INCB officials rapped Italy, Luxembourg, Portugal and Spain for decriminalising the cultivation and possession of cannabis for personal use, in the board's annual report published in Vienna today.

And it slammed the Netherlands, where cannabis is on sale for recreational use in coffee-shops, as well as draft Swiss legislation, which it sees as a move towards legalising cannabis, for breaching UN conventions.

The trend towards a more liberal attitude to cannabis and its legislation "undermines international law", INCB President Hamid Ghodse told a press conference.

Ghodse listed the health risks cannabis causes, which include madness, cancer, and damage to a number of organs in the body.

"All efforts to control the world drug problem will fail unless there is universal commitment and true implementation of the provisions of the treaties," the report said.

To change the convention the countries would have to offer the World Health Organisation evidence that cannabis was not harmful so that it would be removed from its list of controlled drugs, officials explained.

March 2 - Vermont's Times Argus reports: A House committee has approved a bill that would decriminalize growing, possessing and using marijuana for patients suffering from certain medical conditions if they obtain a doctor's note. By a 5-4 vote, the House Judiciary Committee Friday passed H645, which allows marijuana use under strictly regulated conditions.

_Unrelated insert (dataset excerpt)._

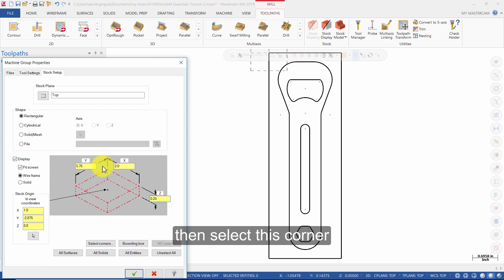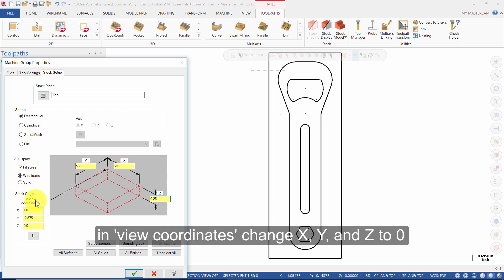Then select this corner. In View Coordinates, change X, Y, and Z to 0.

"This is a tremendous victory for patients suffering from serious illnesses," said Rep. David Zuckerman, P-Burlington, the bill's chief supporter. "We're one step closer to ensuring that patients won't face arrest and imprisonment for the simple act of taking their medicine."

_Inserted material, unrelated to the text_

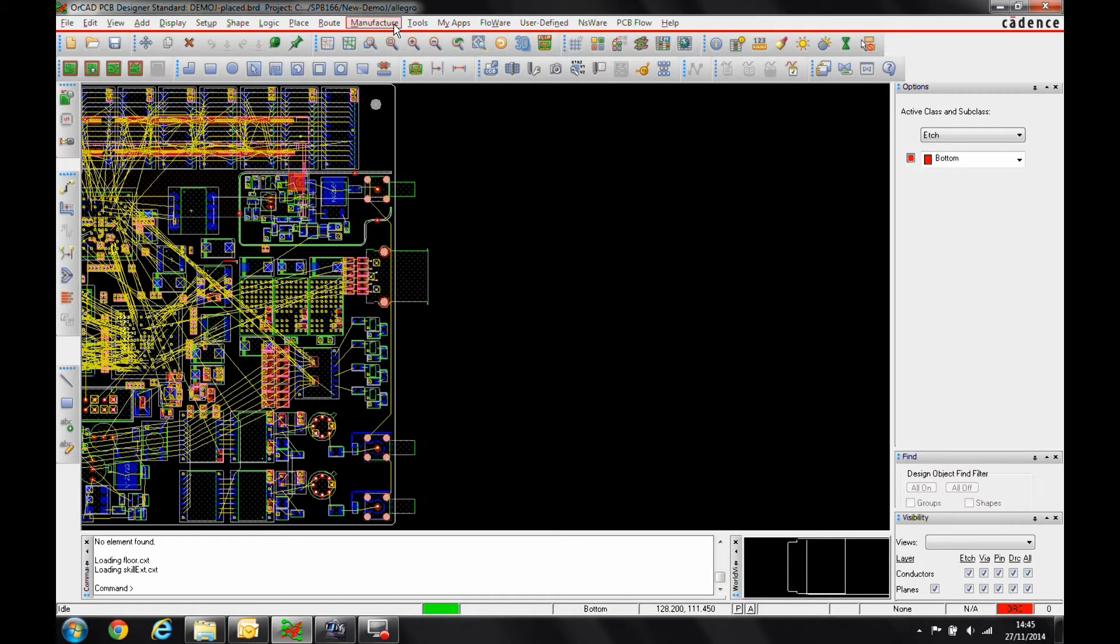By having this as a visible chart on your fabrication drawing or drilling drawing, or even just as output as a Gerber file, part of the Gerber data, can be really useful.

March 4 - Oregon's Register-Guard reports: Mohammad Gul, tattered shoes planted in the mud, will keep a close watch on his two little acres in the coming weeks, waiting for the buds to bloom. He won't be alone.

Five hundred miles up, racing silently through space, U.S. reconnaissance satellites will be watching, too, camera eyes cocked for the first signs of vivid red, the flowering of opium poppies.

Here on the edge of Afghanistan's Desert of Death and on east and north across this deeply poor land, the deadly narcotic is again the raw material of life and livelihood for hundreds of thousands of people.

"All my land is in poppy. I've grown it for 30 years," Mohammad Gul said. "Every year except one."

That one was last year, when the Taliban, the Muslim zealots who ruled most of Afghanistan, banned poppy growing as un-Islamic.

Now the Taliban have been scattered to the harsh Afghan hills, ousted from power in a lightning-fast, U.S.-led war, and the United States and its allies, including the new Afghan regime of Hamid Karzai, have inherited the dilemmas of the land of poppy.

Mohammad Gul, who sowed his seeds as he saw the old regime fall, is thankful.

"We hear that this government's a good one, not cruel like the Taliban," he told a visitor. "They banned our poppy. I don't think this new government will come and tear up our crops."